Hélas, c’est à chaque instant que s’accroît la montagne d’argent distribué à des océans de quémandeurs, et vient le moment où est impossible de faire payer autrui, parce que cet autrui a les poches vides, ou ne produit plus, ou est allé travailler sous d’autres cieux, et il est alors nécessaire, pour que continue la distribution de manne, d’élargir l’assiette de divers impôts directs, transformant ainsi en contribuables les pensionnés qui ne contribuaient pas, puis d’augmenter ces impôts indirects perçus sur la totalité des citoyens, mais qui, proportionnellement, diminuent plus le pouvoir d’achat réel des smicards que des millionnaires.
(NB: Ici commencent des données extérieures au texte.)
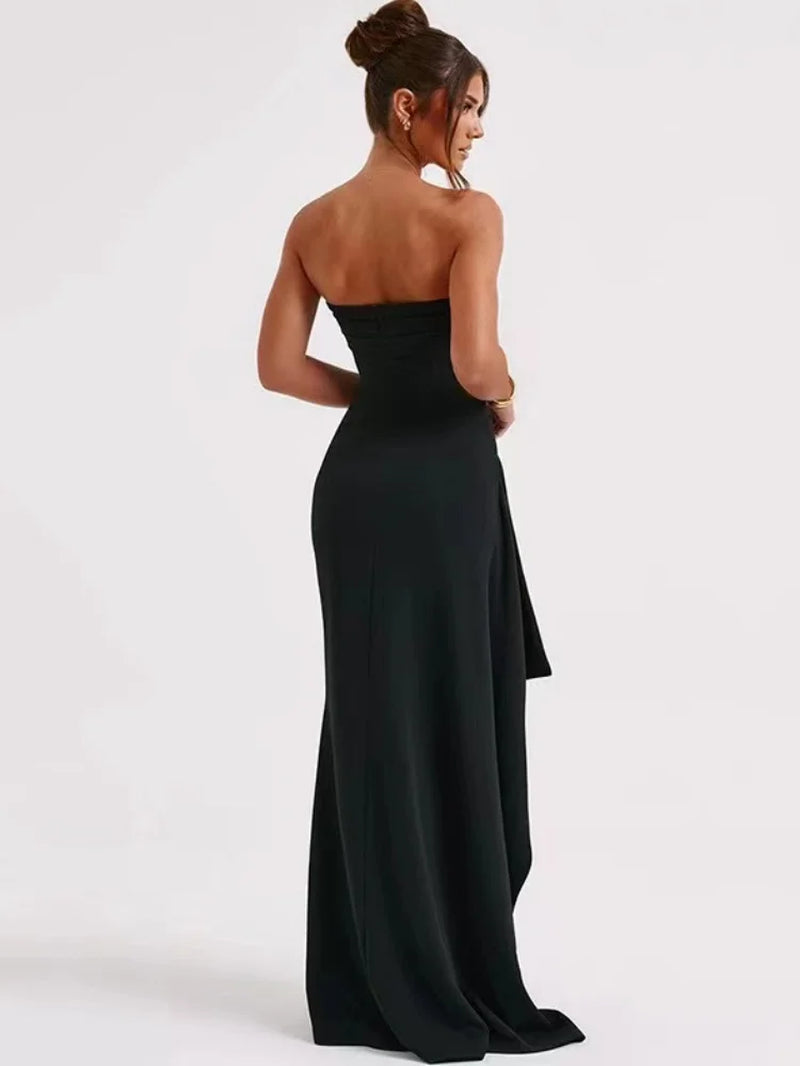 2025 Summer Collection Elegant Backless Sleeveless Evening Dress for Women in Black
Excellents citoyens qui, malins comme des singes, prospéraient dans la joie de faire payer par M. État (soit dans leur esprit : personne, ou le voisin) leurs menus plaisirs ou leurs projets incertains, le cartable de leurs enfants ou la bonne de leur vieille mère, leur loyer ou leurs dettes, qui suppliaient sans cesse pour que fussent créées plus d’écoles pour garder leur marmaille et construits plus d’hôpitaux pour soigner de dérisoires bobos, et que la corne d’abondance déversât sur eux éternellement des bienfaits qui ne leur coûtaient rien.
Mais voici que la machine s’emballe, et que les citoyens privilégiés se découvrent accablés d’impôts, et ils se plaignent, manifestent même, tels ces Armoricains si longtemps gavés des subventions de la PAC, faudrait-il donc, horreur !, qu’ils payent pour recevoir ?
Vous voulez, citoyens électeurs, moins d’impôts ? Et si vous cessiez de mendier ?
PS. J’entends : « je demande des subventions pour récupérer, en partie, ce que M. État me prend ». Selon toutes les théories de la justice, rien de plus juste. Mais dans la réalité, pour que quelque chose change en ce domaine, il faut que quelqu’un commence – et ce ne sera pas M. État.